20220924(b) – Crown Point State Historic Site, New York

SATURDAY 24 September

This is the second of two posts for this date, the “B side” so to speak.  The ‘A’  post was about our very enjoyable morning visit to the amazing Original Series Star Trek Experience in Ticonderoga, New York.  We returned to the trailer afterwards to open it up and let it air/dry out as the forecast for temperatures in the upper 60’s and no threat of rain.  We then headed back up NY-9N all the way to the Crown Point State Historic Site (SHS) at the Lake Champlain Bridge to Vermont.

Crown Point SHS is both a historical landmark and archeological site that was gifted to New York State in 1910 for preservation.  Based on the brochure/map we received, it is jointly managed by New York State Parks, Recreation, and Historic Preservation, and the New York Department of Environmental Conservation.

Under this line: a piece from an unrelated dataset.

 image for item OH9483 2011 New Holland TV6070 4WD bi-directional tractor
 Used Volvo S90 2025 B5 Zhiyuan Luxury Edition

The main reason the site exists is the presence of the ruins of two military fortifications:  Fort St. Frédéric (French; construction 1734–1737; occupation 1737–1759; destroyed and abandoned 1759), and His Majesty’s Fort of Crown Point (British; construction 1759–1763; occupation 1763–1775, 1776–

1783).  The site has a trail system that leads visitors to some of the outlying features, or just provides nice walking paths.  There is also a small museum building.  The site was free to enter, but the museum was $4 admission per person.  We skipped the museum, but not because of the cost.  The historical significance of this site, however, was older than just European powers vying for control of northeastern North America.  From the brochure/map:

“The Landscape before you has served as a boundary between cultures for hundreds of years.  It delineated territories between the Kanien Kehaka (Mohawk) Nation of the Haudenosaunee (Iroquois) Confederacy to the West and the Abenaki Nation of the Algonquian peoples to the East.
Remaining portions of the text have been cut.